The LTTE’s plans for a separate state represented the interests of the Tamil bourgeoisie, not the Tamil masses, and always depended in the final analysis on the support of one or other of the imperialist powers. With its remaining fighters surrounded, the LTTE is reduced to making futile appeals to the “international community” to pressure the Sri Lankan government for a ceasefire.

 

The UN Security Council is due to meet today to discuss the Sri Lankan crisis. Outside of cynical hand wringing over the plight of Tamil refugees, no steps will be taken to condemn the Rajapakse government and demand an immediate end to the fighting. All the major powers, with the United States in the lead, have backed Rajapakse’s war and turned a blind eye to his government’s flagrant abuses of democratic rights. If the US is now raising concerns, it is only because instability in Sri Lanka threatens broader American economic and strategic interests in South Asia.

 

The only social force capable of halting the war and defending the rights of Tamils is the working class. The Socialist Equality Party in Sri Lanka calls on workers and youth to demand an immediate and unconditional withdrawal of all troops from the North and East of the island. That demand must become the rallying point to unite the working class—Tamil, Sinhala and Muslim—against the Rajapakse government and its reactionary policies.

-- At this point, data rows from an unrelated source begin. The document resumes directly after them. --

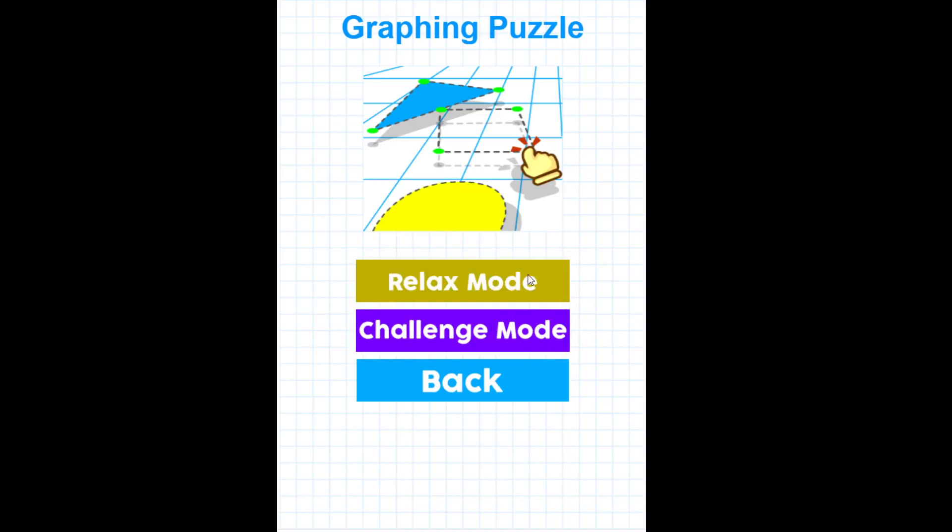You can choose to play relax mode and that allows you to make as many errors as you want. We'll take a look at that versus challenge mode, where you can only make a certain amount of errors on each picture before it starts over again. We'll look at both of those in just a sec. First, we'll take a look at the relax mode.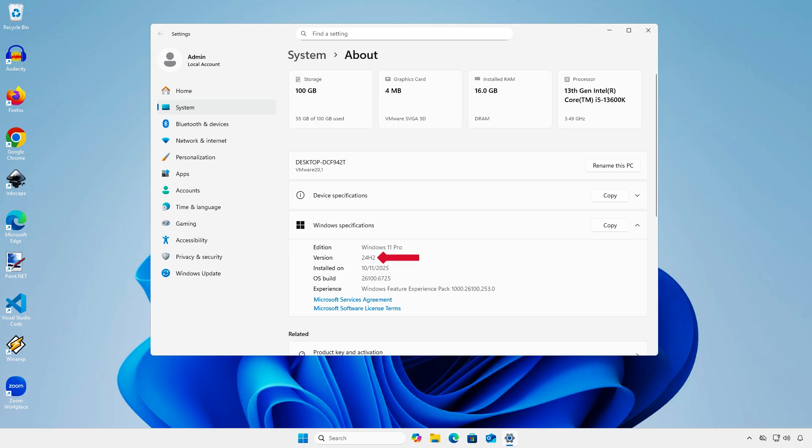As you can see, Windows has been reverted to the previous version from Windows 11 25H2.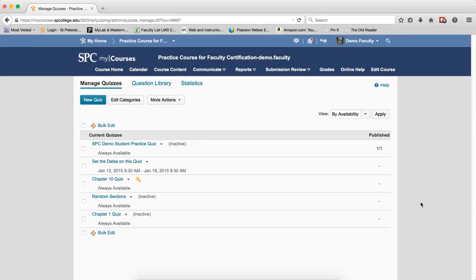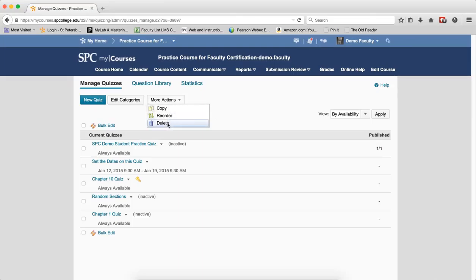The third step of this process is to delete the quiz that was imported, because we're going to create a new quiz with a random set of questions. To delete the quiz, click the More Actions button. Click Delete.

The struggle for a workers’ and peasants’ government based on socialist policies—a Socialist Republic of Sri Lanka and Eelam—would become a powerful pole of attraction for workers throughout the region and internationally whose democratic rights and living standards are also under attack.

 

 

The terrible atrocities being carried out in Sri Lanka are a warning to working people everywhere. As capitalism plunges into its worst economic crisis since the 1930s, the ruling elites around the world are reaching into the tool bag of political reaction to secure their rule. Anti-Tamil chauvinism in Sri Lanka finds its parallels in anti-immigrant xenophobia, national jingoism and numerous forms of chauvinism based on religious, ethnic and linguistic divisions. These can also become the starting point for local and international wars. The only alternative to such barbarism is the struggle for world socialism by the international working class.